→ **Problem statement**: Quote the lines below from the one containing "The objective of" to the final line, both ends included; exclude the pictures.

→ **Stored items**:
↓↓↓

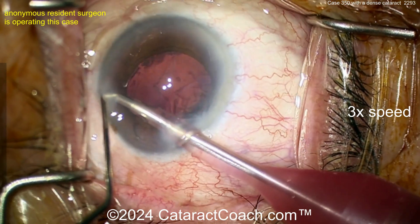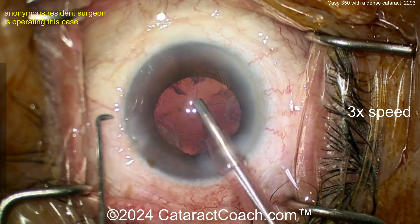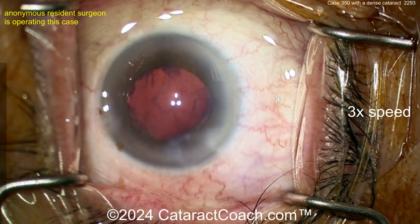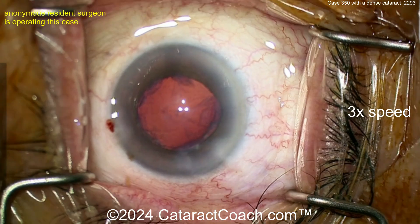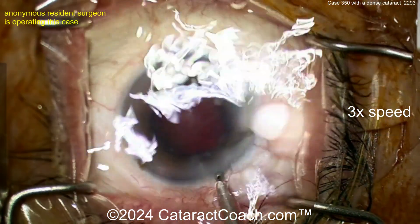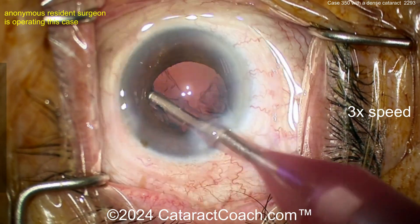Now just time for some cortex cleanup and call it a day. This is a beautiful case — I have very little to offer you, you have great skills. I appreciate the skill set here a lot. You just need to do more and more cases. Everything so far in this case is pretty good. I don't really have any criticism for you, and you know me — I like to criticize sometimes.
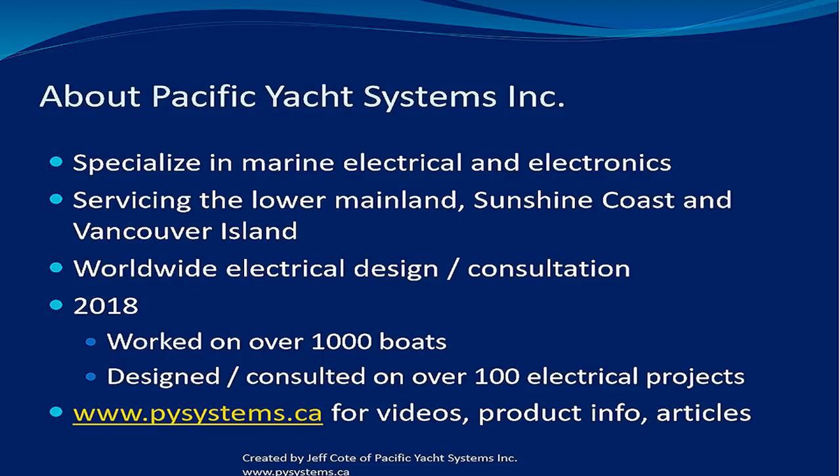For those who want more resources, definitely check out our website. We've got thousands of articles and we're probably over 200 videos now. If you really want to get into a topic, we have specific videos on different things that we're going to be talking about today as well.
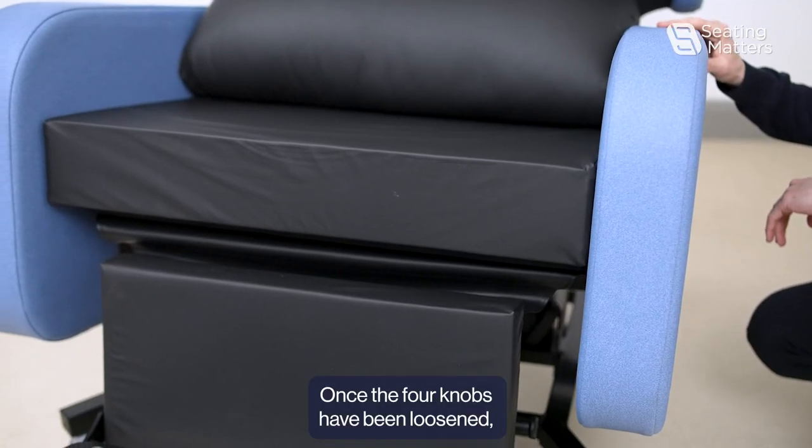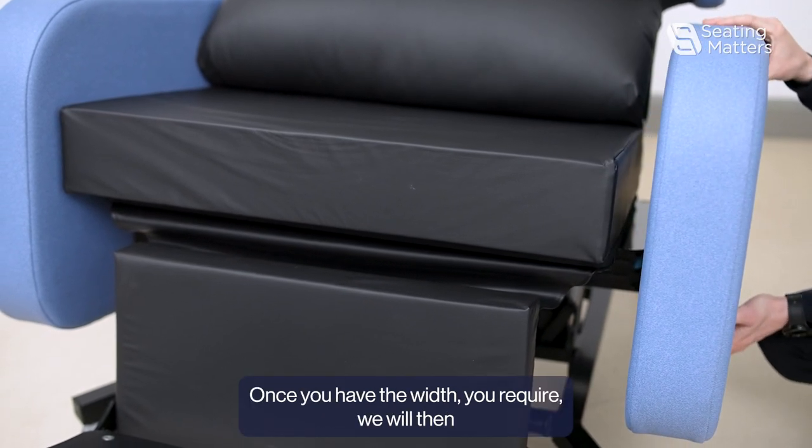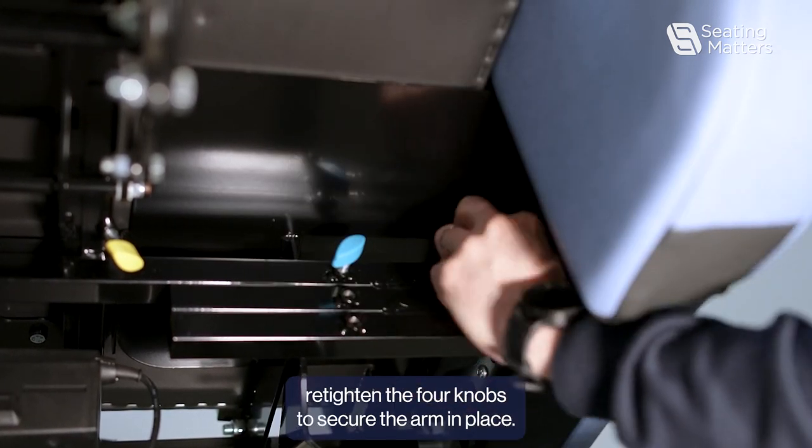Once the four knobs have been loosened, the arm can slide out to the desired width. Once you have the width you require, re-tighten the four knobs to secure the arm in place.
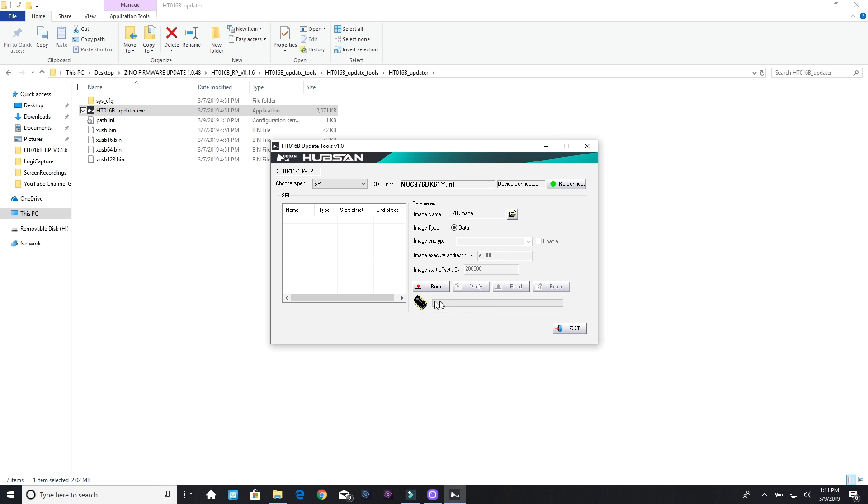Now we want to click burn, and it's going to install. Do you want to confirm this operation? Okay. And we're installing — we just want to simply wait for that to install. I'm glad that the USB cable was not good so we had to try another one, so that if you run into this problem you can diagnose and fix it yourself after watching this video. It says burn successfully — we're going to click OK, then click exit.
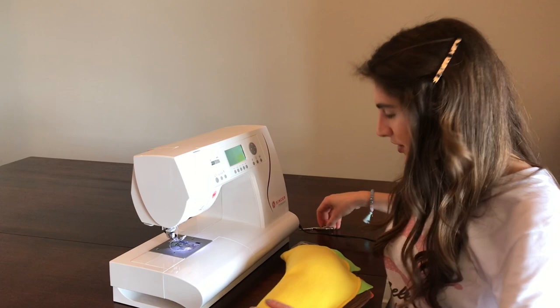Here we have our completed taco pillow and I couldn't be happier with it! I hope you guys try this project at home. Happy sewing!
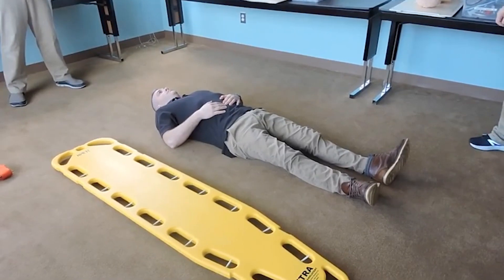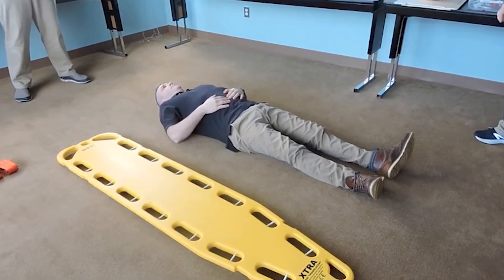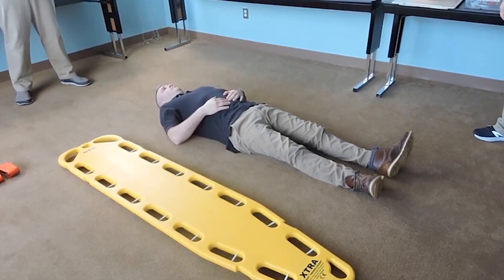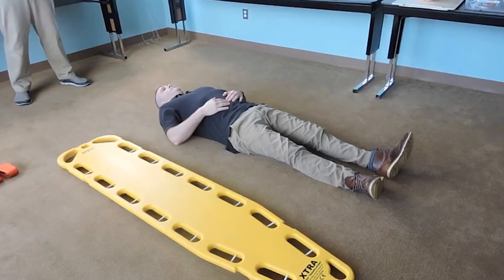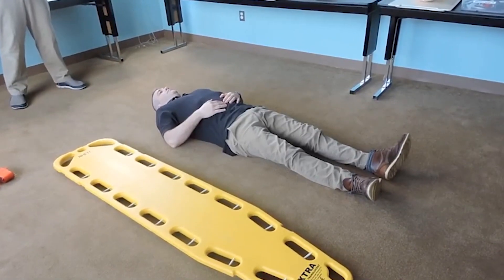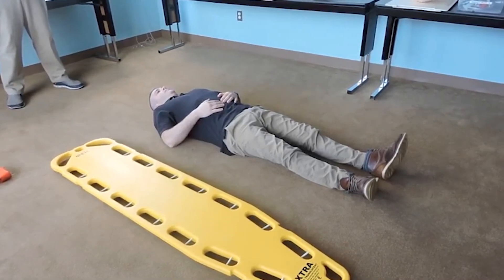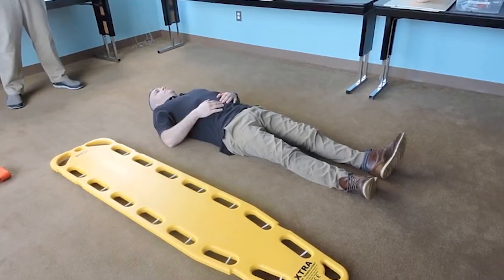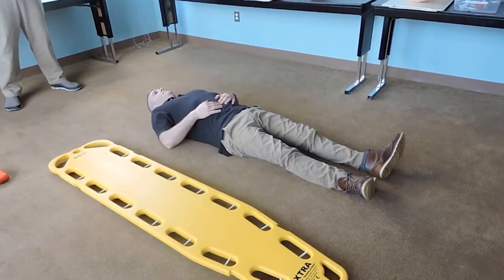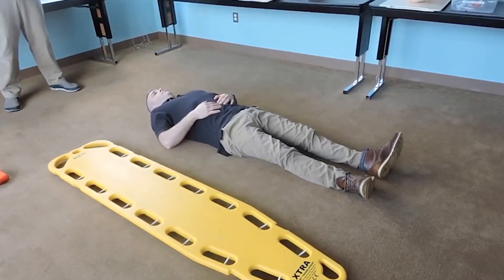The objective of this station is to mobilize properly and prepare a patient with a possible spinal injury for transport. The patient is conscious with a suspected cervical spine injury. The partner will work under your direction. You'll be evaluated on your performance and the directions you give to your partner. You have 15 minutes to complete the skill. All equipment pre-loaded or assembled must be part of the timed procedure.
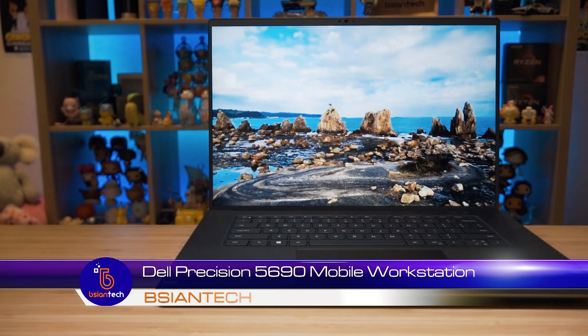G'day, happy new year for 2025. We're going to have a look at this Dell Precision 5690.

↑↑↑

→ **Answer area**:
The objective of this station is to mobilize properly and prepare a patient with a possible spinal injury for transport. The patient is conscious with a suspected cervical spine injury. The partner will work under your direction. You'll be evaluated on your performance and the directions you give to your partner. You have 15 minutes to complete the skill. All equipment pre-loaded or assembled must be part of the timed procedure.
G'day, happy new year for 2025. We're going to have a look at this Dell Precision 5690.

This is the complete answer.